Good question. Nobody is going to be able to tell you what you need to do to be successful. The old adage "experience is the best teacher" is perfectly applicable here. The thread entitled "how to shoot a deer" will help you a lot. Look for it in the sticky section up top. It was written by one of the most lethal people that has ever hunted with a stickbow. 

If I had to offer advice from what my experience has taught me it would be short and sweet. Simply 1) keep your shots CLOSE. 2)only take a shot if the animal is quartering away. Broadside is good, quartering away is perfect. 3) if you can't see the animal's eyes, the eyes can't see you. 4) do not give up!


----------



## deast1988 (Oct 16, 2017)

I use a lone wolf sit n climb for trad hunting. It's a smaller compact climber. I find a tree I can climb without cutting limbs on my way up. But once I get up, I want to be in a thicket. Either surrounding trees real bushy or tree is in has  thick canopy. I try to break my outline up as much as possible. Once you get to your hunting height then you can use a saw cut limbs make sure your bow clears no limb contact above or below. Another thing scent control and the wind. If it's wrong for your spot. Go somewhere it's right. It took me a while to learn this. It's better to pick and choose your wins An losses. If it's wrong don't hunt or adjust for it.

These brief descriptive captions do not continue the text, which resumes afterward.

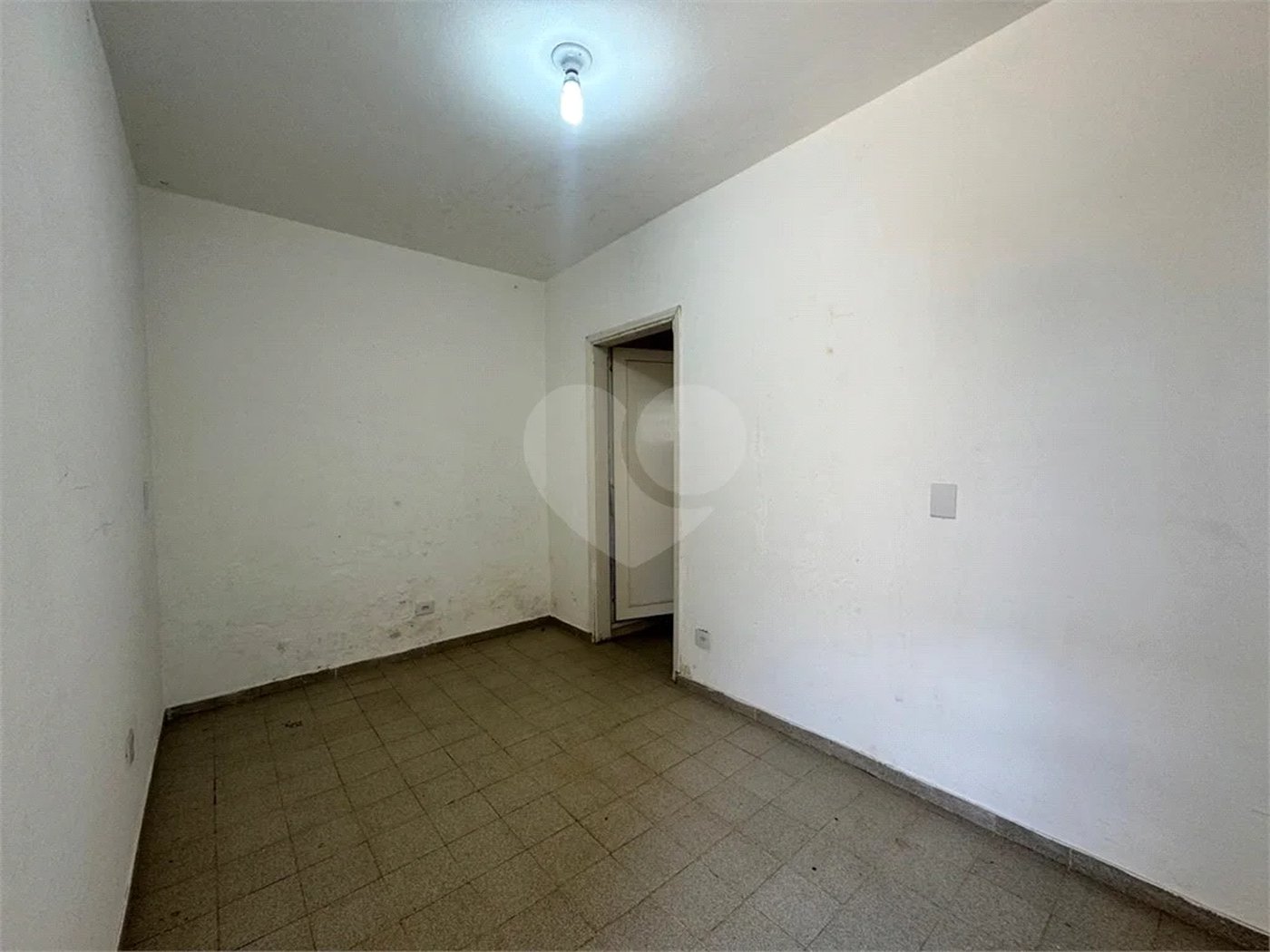 Imóvel Comercial para Venda e Locação no bairro Alto.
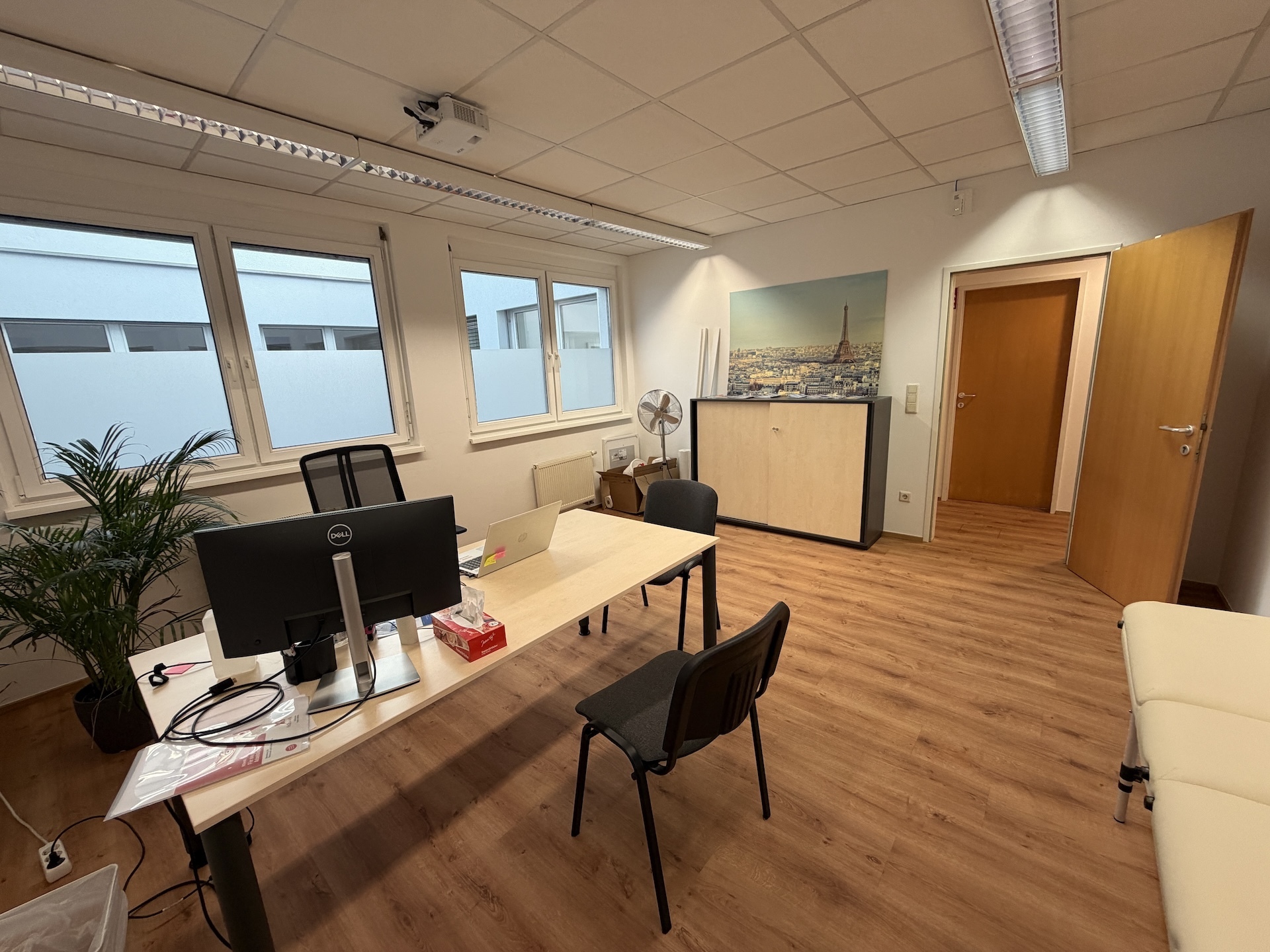Moderne Büro/Praxis in Graz: 104m² mit Balkon, nur 1.571,99 € Miete!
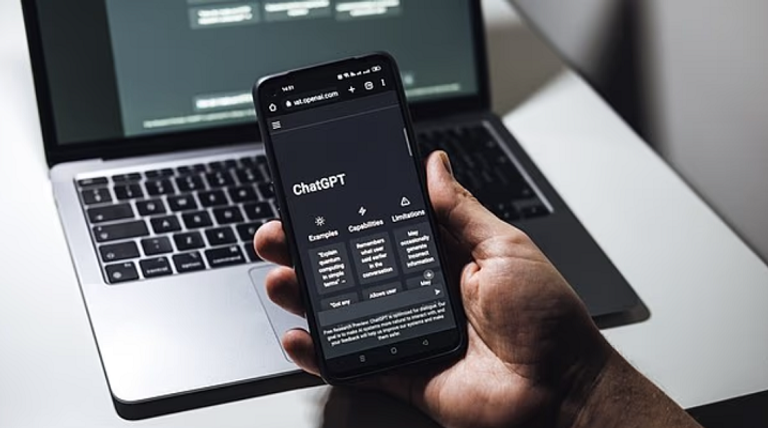 خبير يحذر من المخاطر المحتملة لاستخدام الذكاء الاصطناعي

Those are my hard learned lessons,

1. Don't hunt trees that look like power poles. 

2. Be smart with scent, outside contaminates can make u super unnatural. Examples (Gas Station, Pets, Restaurants).  

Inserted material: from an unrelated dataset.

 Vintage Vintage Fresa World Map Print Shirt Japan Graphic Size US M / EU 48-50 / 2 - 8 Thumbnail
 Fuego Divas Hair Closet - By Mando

3. Wind deer can smell you, way before you ever see or hear them.


----------



## Clipper (Oct 17, 2017)

I'm in the same boat as you, so I will be watching this thread carefully.  I wear glasses and wonder if they aren't seeing them.  That's about the only thing on my body that is exposed.  I try to put my stands in thick stuff and make sure I'm not silhouetted against the sky.  Some folks say they want the sun at their back so the deer can't see as good in the bright light but most of my deer come by at dusk and dawn.  My main problem is staying still, I want to see what's happening around me in the woods and turn my head too much, even though I turn it slow.  Got to develop better discipline.
I had a good stand and got busted on it.  Every time the deer would come by after that the first thing they would do was look up at my stand.  I had to abandon it and move.  Maybe both of us will get some good advice from this post.


----------



## Todd Cook (Oct 17, 2017)

sawtooth said:


> Good question. Nobody is going to be able to tell you what you need to do to be successful. The old adage "experience is the best teacher" is perfectly applicable here. The thread entitled "how to shoot a deer" will help you a lot. Look for it in the sticky section up top. It was written by one of the most lethal people that has ever hunted with a stickbow.
> 
> If I had to offer advice from what my experience has taught me it would be short and sweet. Simply 1) keep your shots CLOSE. 2)only take a shot if the animal is quartering away. Broadside is good, quartering away is perfect. 3) if you can't see the animal's eyes, the eyes can't see you. 4) do not give up!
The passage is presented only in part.